#### [Exercise brief]
From the first line to the last, restate the material word for word, omitting pictures.

#### [Material provided]
━━━━━━━━━━━━━━━━━━━━━━━━━━━━━━
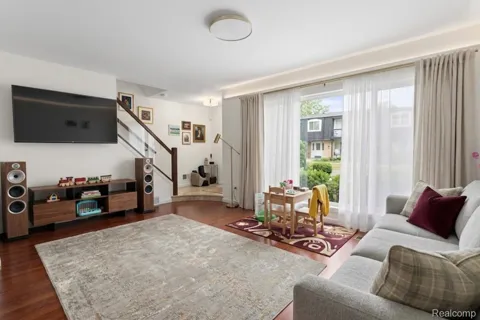 29876 City Center Drive #4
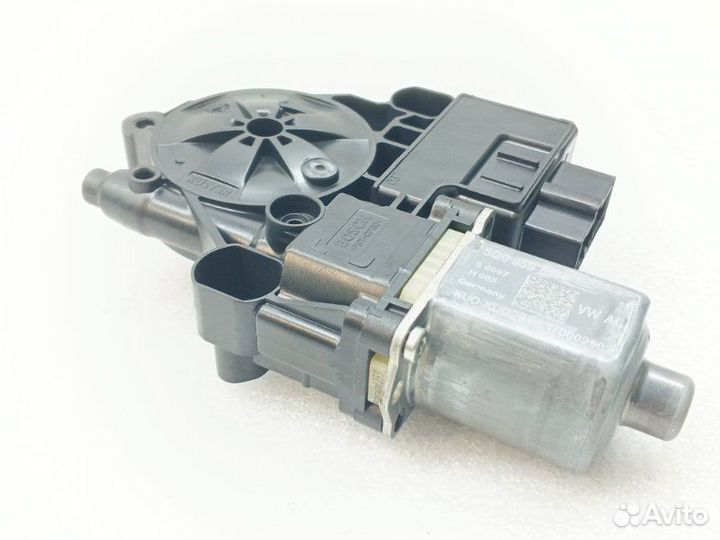 Моторчик стеклоподъемника задний левый Volkswagen
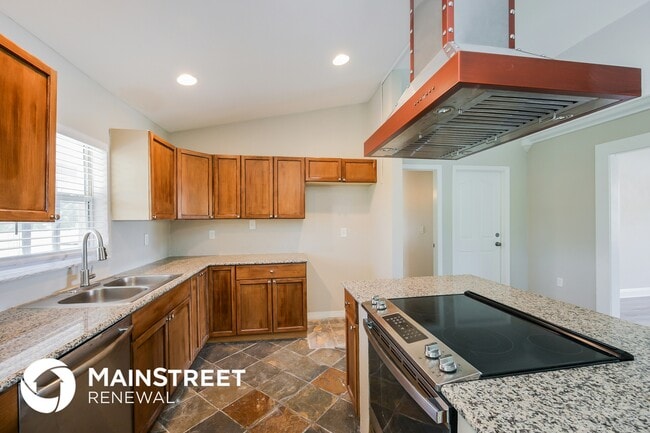 Building Photo - 3001 38th St W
━━━━━━━━━━━━━━━━━━━━━━━━━━━━━━
#### [Exercise solution]
 29876 City Center Drive #4
 Моторчик стеклоподъемника задний левый Volkswagen
 Building Photo - 3001 38th St W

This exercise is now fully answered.